# Drawer runners



## Jones (20 Dec 2021)

I have dismantled an old cabin bed and think I could make a useful chest of drawers with the bits. There's three drawers already nicely dovetailed together but square sided, i.e. no overlap of the front. Does anyone know of any type of drawer runners that would work with them? None of the kitchen type ones I've used would do.


----------



## Jacob (20 Dec 2021)

What is wrong with trad drawer runners? They are cheap, easy to make and very practical. I've no idea why they have gone so much out of fashion.
The ready-made steel versions were for steel filing cabinets etc but adopted by the fitted kitchen trade.
Have a look in Joyce or similar. The key words are runner, kicker, stops and spacer.
PS I've just been doing a 2 drawer kitchen table I'll see if I can take some snaps. Still got the drawers to make. The runners etc just use up bits and bobs of off-cuts, effectively cost nothing and are very easy to fit.
PS Ernest Joyce "The Technique of Furniture Making" always available at daft prices but if you hang on a cheap one will turn up on ebay etc. I got one for £1 plus postage. But the same stuff is covered in dozens of other books..


----------



## Chunkytfg (20 Dec 2021)

Surround the drawer fronts with face frames and use Blum undermounts?


----------



## Cabinetman (20 Dec 2021)

Or build the cabinet the same way as the one the drawers came out of- the old fashioned way. Ian


----------



## Ollie78 (20 Dec 2021)

I agree with the Blum undermount suggestion but they need a certain clearance underneath and a small hole in the back.
Dimensions can be found in the vast blum catalogue.
Or you could do it traditionally as others have said. I like to use hdpe plastic as runners because it's slippery and is easy to machine.

Ollie


----------



## Sgian Dubh (20 Dec 2021)

Jones said:


> I have dismantled an old cabin bed and think I could make a useful chest of drawers with the bits. There's three drawers already nicely dovetailed together but square sided, i.e. no overlap of the front. Does anyone know of any type of drawer runners that would work with them? None of the kitchen type ones I've used would do.

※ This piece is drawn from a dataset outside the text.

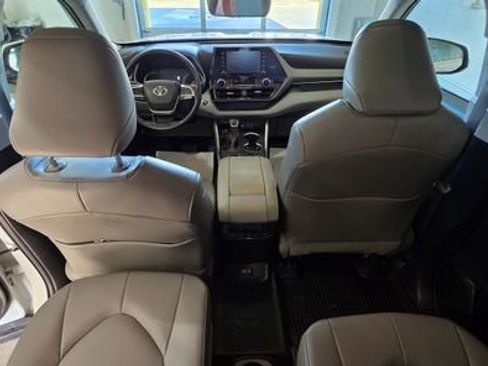Used 2022 Toyota Highlander XLE image 28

All the metal types would work with the drawer boxes you have. You'd just need to make a cabinet with an appropriate extra width in the opening. By that I mean you'd need the opening ~25 mm wider than the drawer box for side mounted runners, and ~9.5 mm wider than the drawer box for undermount types. There may be other opening requirements for different runner configurations; for example, I seem to recall coming across a side mounted runner that needed an opening that was only about 16 - 18 mm wider than the drawer box. Whatever runner type you used, you'd need to add a planted front to the existing one, which would likely make the combined front thickness rather inelegantly chunky.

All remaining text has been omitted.